Problem to work on: Send back the line that contains "schwarze Oxford Schuhe von Ted Baker" and all lines following it through the end of the data below, exactly, omitting pictures.

################

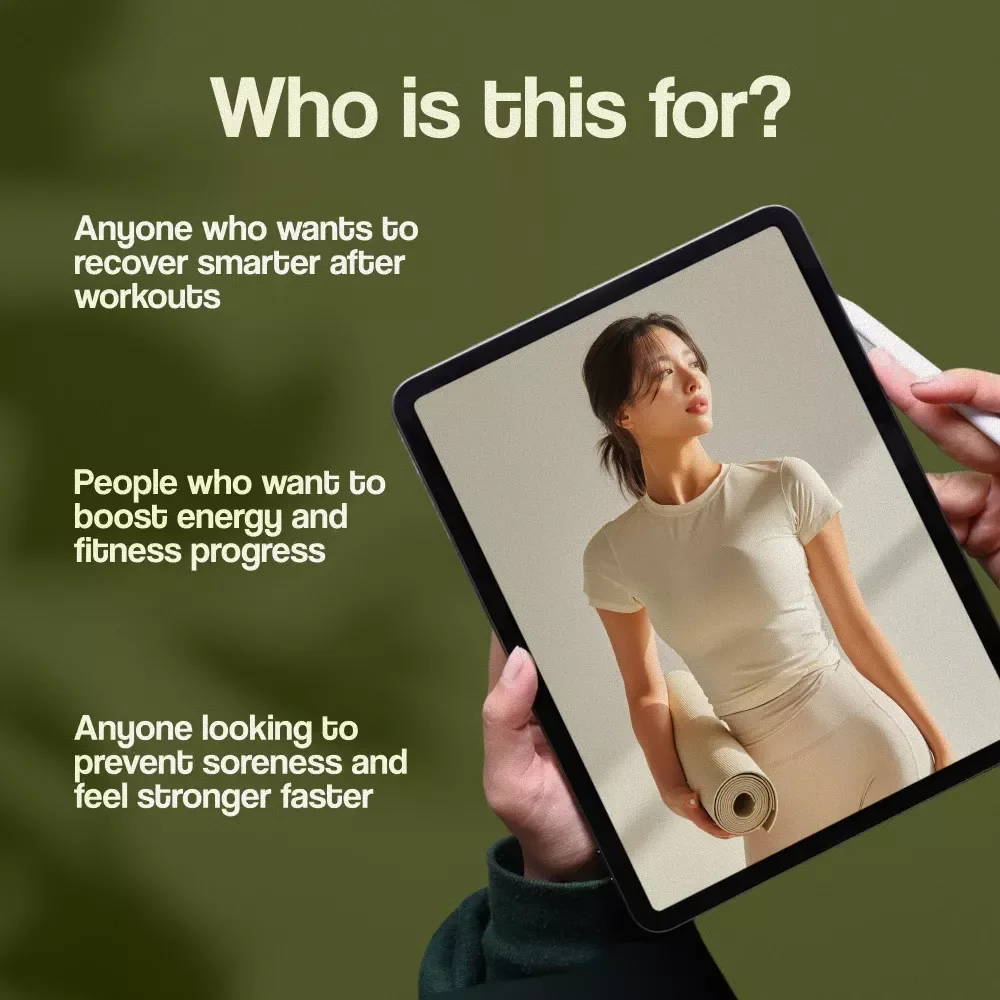 Post-Workout Recovery Checklist | Fitness Recovery Guide | Digital Download for Athletes, Gym-Goers, and Active Lifestyles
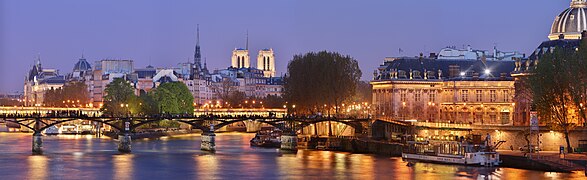 Pont des Arts, Paris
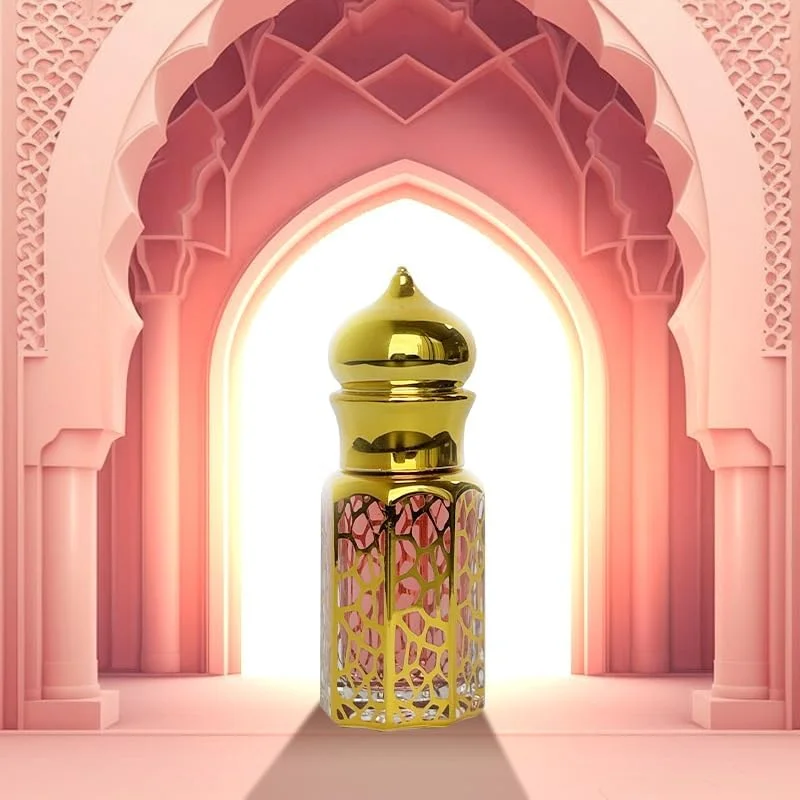 عطر روغنی رولی عربی - رایحه وانیلی با نت های میوه ای و گورمند | پایه گلی، گرمسیری، مشک | ماندگاری طولانی، استفاده آسان، عطر نقطه نبض برای زنان و مردان | ترکیب عطر طبیعی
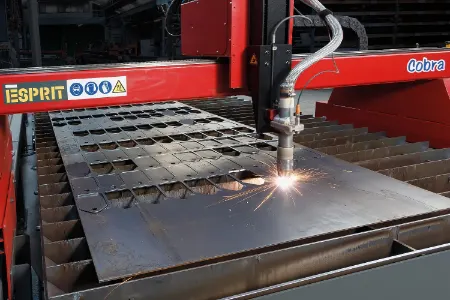 دستگاه برش پلاسما, دستگاه پلاسما گام الکتریک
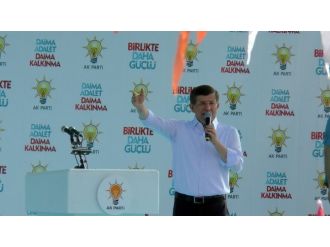 Başbakan Davutoğlu Tunceli’de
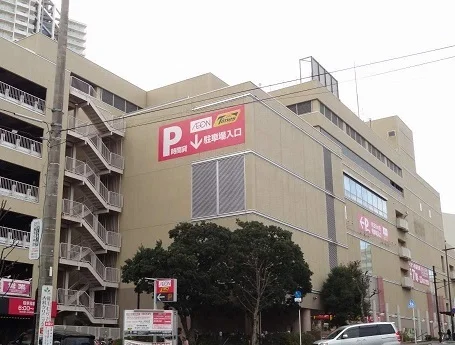 イオンまで1200m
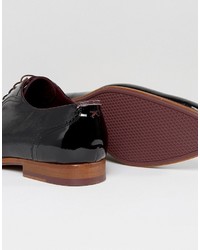 schwarze Oxford Schuhe von Ted Baker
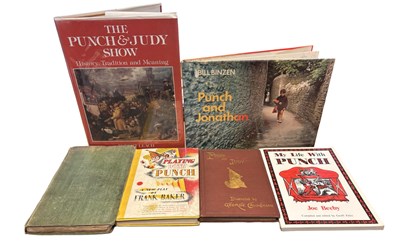 Lot 81 - PUNCH AND JUDY INTEREST: 6 Titles: ROBERT...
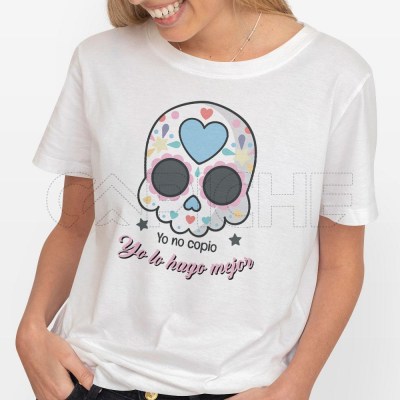 Camiseta Yo no copio hago mejor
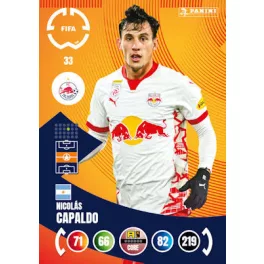 33. Nicolás Capaldo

################

Written answer:
 schwarze Oxford Schuhe von Ted Baker
 Lot 81 - PUNCH AND JUDY INTEREST: 6 Titles: ROBERT...
 Camiseta Yo no copio hago mejor
 33. Nicolás Capaldo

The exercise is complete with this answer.